_WORK INSTRUCTIONS_
Each line from the one containing "FLAG EMBROIDERY TEXTURED" to the end of the records below should be restated word for word; please leave out all other lines.

________________________

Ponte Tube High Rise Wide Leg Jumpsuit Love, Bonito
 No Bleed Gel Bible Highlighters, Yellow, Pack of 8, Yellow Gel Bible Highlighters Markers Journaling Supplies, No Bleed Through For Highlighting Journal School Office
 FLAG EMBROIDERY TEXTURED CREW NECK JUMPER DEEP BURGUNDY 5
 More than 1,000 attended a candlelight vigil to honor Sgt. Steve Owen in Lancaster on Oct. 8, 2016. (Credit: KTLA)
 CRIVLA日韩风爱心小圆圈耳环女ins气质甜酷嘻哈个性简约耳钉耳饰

________________________

_RESPONSE AREA_
 FLAG EMBROIDERY TEXTURED CREW NECK JUMPER DEEP BURGUNDY 5
 More than 1,000 attended a candlelight vigil to honor Sgt. Steve Owen in Lancaster on Oct. 8, 2016. (Credit: KTLA)
 CRIVLA日韩风爱心小圆圈耳环女ins气质甜酷嘻哈个性简约耳钉耳饰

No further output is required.